[Captioned web images]

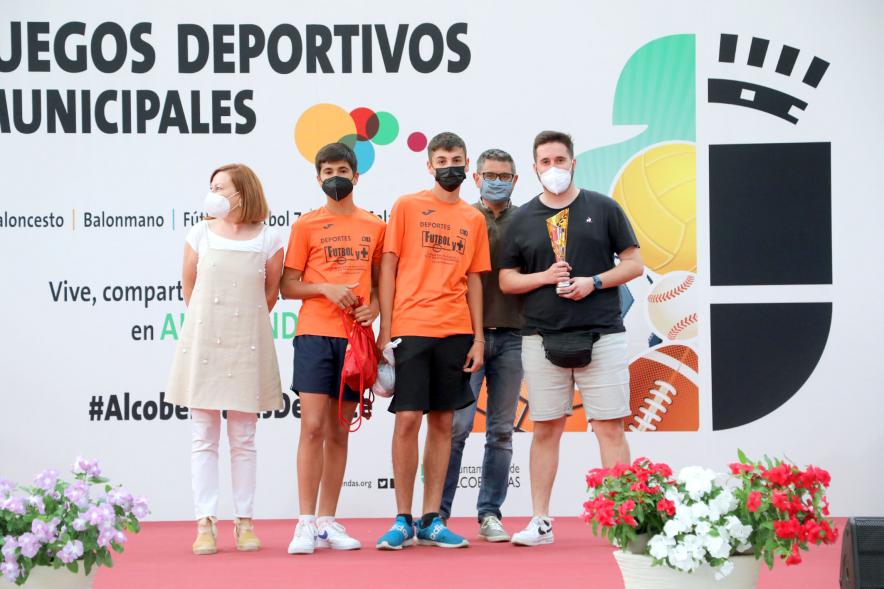 Entrega de Trofeos de Competiciones locales - Posado del alcalde Sánchez Acera, la concejal de deportes y varios deportistas infantiles.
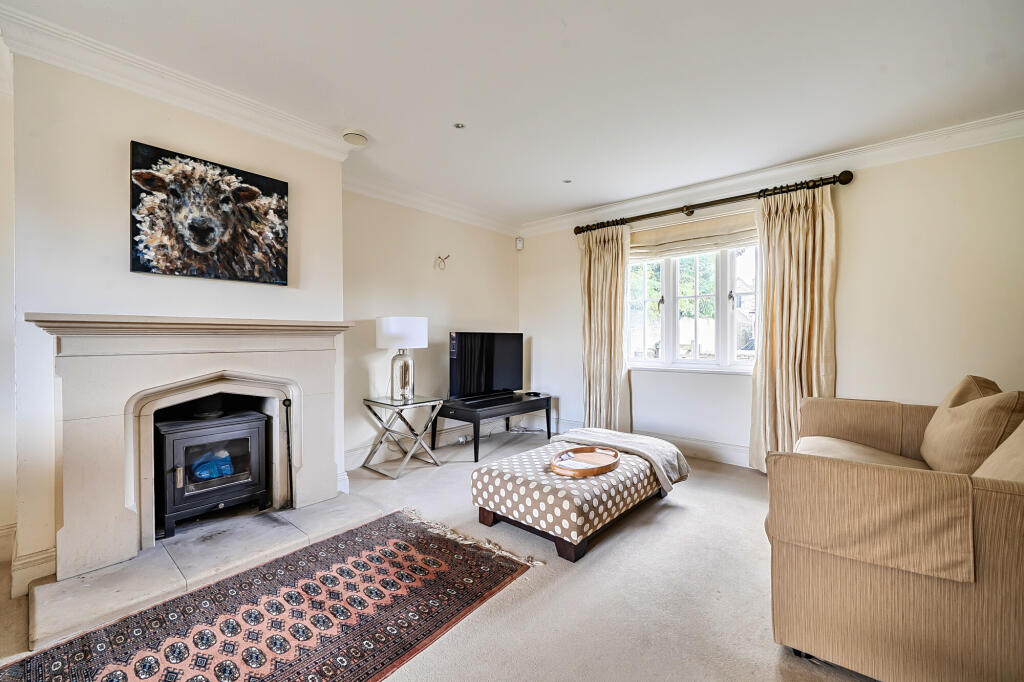 House in Gloucester - View 4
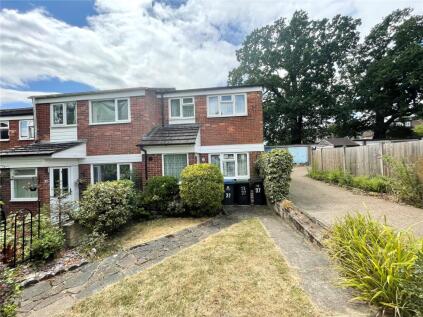 Angus Close, Chessington, KT9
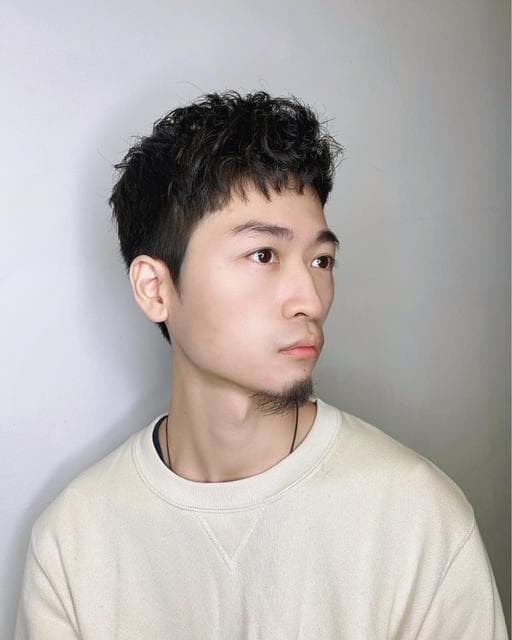 男生短髮、短瀏海、男生燙髮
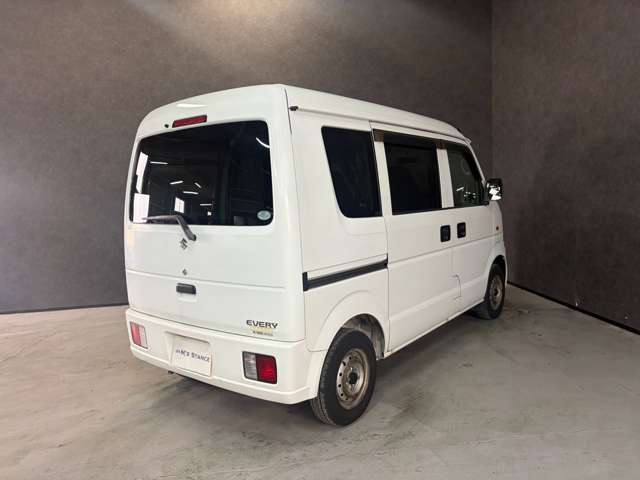 Suzuki Every 8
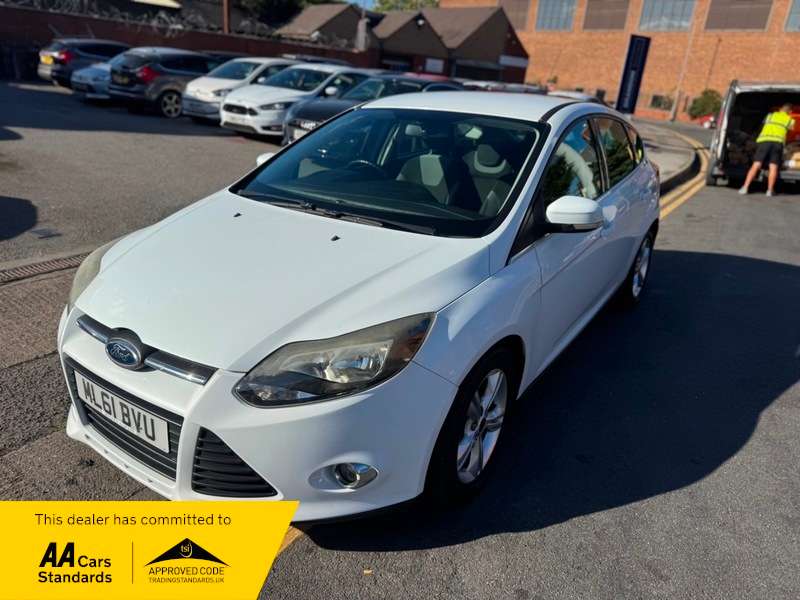 A 2011 FORD FOCUS 1.6 Zetec Powershift Euro 5 5dr A 2011 FORD FOCUS 1.6 Zetec Powershift Euro 5 5dr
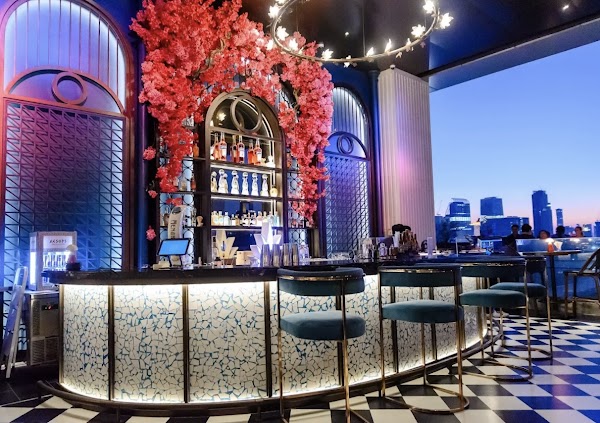 Aesops Restaurant & Rooftop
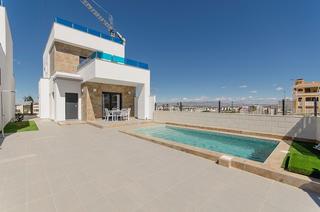 Casa en Desamparados - Hurchillo - Torremendo. Villa de obra nueva con piscina en vistabella golf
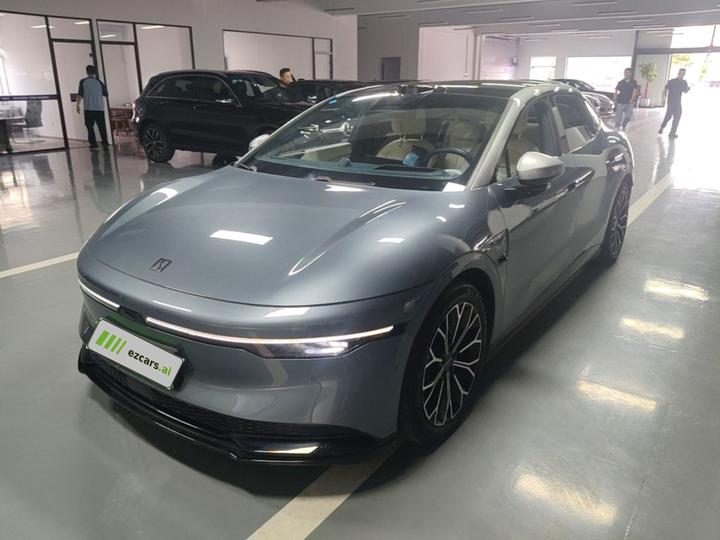 007 2024 RWD ADAS 75kWh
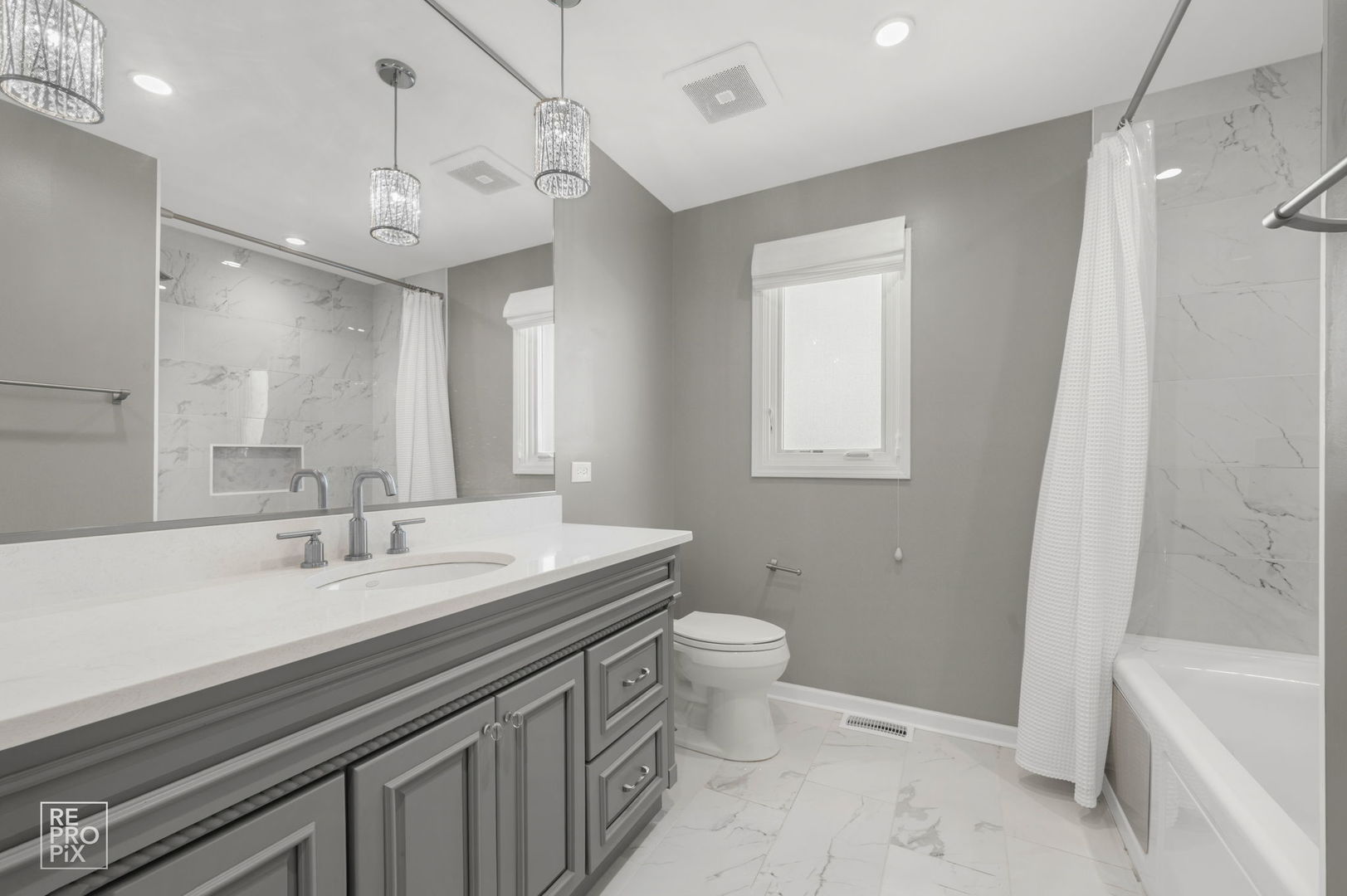 16218 Princeton Avenue, Tinley Park, IL 60477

Your goal
Omit the pictures and please write out exactly the lines between the one containing "A 2011 FORD FOCUS 1.6 Zetec Powershift Euro 5 5dr A" and the last line of the entries, both included.

Exercise output
 A 2011 FORD FOCUS 1.6 Zetec Powershift Euro 5 5dr A 2011 FORD FOCUS 1.6 Zetec Powershift Euro 5 5dr
 Aesops Restaurant & Rooftop
 Casa en Desamparados - Hurchillo - Torremendo. Villa de obra nueva con piscina en vistabella golf
 007 2024 RWD ADAS 75kWh
 16218 Princeton Avenue, Tinley Park, IL 60477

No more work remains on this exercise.